Today marks the one year House-iversary since Joel and I took possession of our dream home.

Unlocking the door to our house with keys in hand!
Unlocking the door to our house with keys in hand!

A few years back we began talking and visualizing what our “one day” dream home would look like.  A few things that topped our “Must Have” list included: side by side parking for two cars (covered for at least one car), a space for me to practice yoga without having to move furniture around, three bedrooms, a solid skeleton with fixer-upper potential, a yard and garden area, lots of natural light, and a farm-like surrounding so we could fill our space with Swedish farm house inspired decor.  Our desires weren’t too crazy, but we were really into location.  We put offers on three different houses and all of our offers fell through.  I ended up crying over the second failed offer because I had already imagined where our Christmas tree would go.  It wasn’t my greatest moment.

Anyhow, we ended up with our awesome house and the Universe delivered above and beyond our expectations.  We live in a fantastic farmland area (horses walk by our house every other day), our house is starting to fill up with Swedish farm house decor (it’s been a long standing vision), not only do I have a space to practice yoga but I have a whole detached 500 square foot studio (!) and we have a pretty incredible garden.  When we moved in last year our house had been sitting empty for a year and a half and the yard had been untouched for five years.  Needless to say, we had (still have) our yard work cut out for us.

Five years of overgrowth.
Five years of overgrowth = a seemingly unending supply of weeds to pull.

My mom happened to be visiting last year when we took possession of our house and she and I got right to work on the yard.  My mom is a total gardener; her happy place is amongst her flowers and plants.  Mom and I worked for a full day on one small patch of this garden and we didn’t get very far because as it turned out the old owners let their potatoes roam free.  We pulled up a LOT of really old potatoes that day.  The garden has been a huge work in progress and isn’t even entirely cleared yet; however, that is going to change because this week I plan to tackle the beast.

My beastly attack on the hedges last March 15th.
My beastly attack on the hedges last March 15th.  My sister, who is a landscaper, laughed at me during this time.  “You wore lululemon tights to do yardwork?!” she asked incredulously.  To which I responded, “When don’t I wear lululemon tights?”

I didn’t always know that I was a keen gardener.  In fact, I rarely helped my mom with her garden when I still lived at home.  Actually, let’s change that “rarely” to a big fat NEVER.  Never helped, ever.  And then, over the past few years, I began to develop this inherent need to have my own garden space, which is weird because up until last year I actually did not have the slightest clue about gardening.  Most of what we have done so far has been completely accomplished by trial and error.

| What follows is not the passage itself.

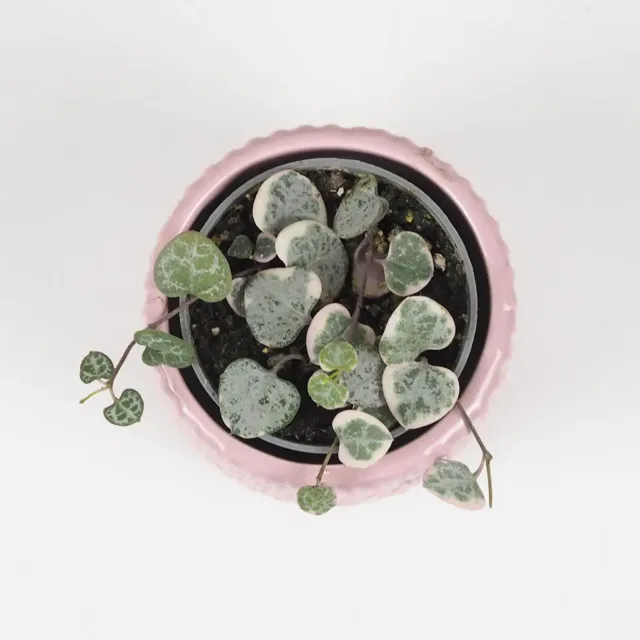 Svícník / Ceropegia woodii variegata mini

My great-grandfather was a master horticulturist in Berlin during WWII.  He did not have to fight with the Nazis until February 1944, during Germany’s last ditch attempt to win the war, because he was meant to help grow food to feed the army.  This is a different story for a different post, but I’m curious about my great-grandfather’s knowledge of plants and gardening and how his passion filtered down to my grandma, and then to my mom…and now to me.  I truly believe I was born with the skills and desire to be able to grow my own food and have fun/learn lots while doing so.  Hence, my extreme love of this beautiful piece of free literature:

I literally sang "Hallelujah!" when I found this in a local grocery store the other day. Being the rookie gardener I am, I was all prepared to use 2013s copy of the seed catalogue. Good thing I found 2014s version though because there are some pumpkins we've never heard of before that we NEED to try...
I literally sang “Hallelujah!” when I found this in a local grocery store the other day. Being the rookie gardener I am, I was all prepared to use my 2013 copy of the seed catalogue. Good thing I found 2014s version though because there are some pumpkins we’ve never heard of before that we NEED to try…

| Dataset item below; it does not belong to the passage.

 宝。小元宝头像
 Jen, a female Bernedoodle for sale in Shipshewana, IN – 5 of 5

Last year we planted and harvested a decent variety of fruits and vegetables including: peas, corn, strawberries, blueberries (11 of them…we’ll get more this year), peppers, broccoli, spinach, lettuce, potatoes, carrots, rhubarb, cucumbers, beans, onions, pumpkins (for pie), spaghetti squash, lemons (yes, lemons!) and tomatoes.  Our two “failed” crops last season were edamame and cauliflower.  I want to try edamame again this season and also add in garlic (has been growing since November).  I have some big plans for our garden this year…we are going to need a deep freeze.

This season I will likely have to reread sections of one of my most cherished books, “Animal, Vegetable, Miracle”, by Barbara Kingsolver in order to refresh my mind and get inspired to pull lots of weeds.  I am so excited that spring is finally here!  Eating fresh, homegrown food has grown to be one of my greatest values – be prepared to see many photos of baby lettuce seedlings in the very near future.  I apologize in advance to those of you who could care less!

The fist bunch of fresh cut flowers from our yard this season.
The first bunch of fresh cut flowers from our yard this season.

Happy planting, fellow vegetable farmers!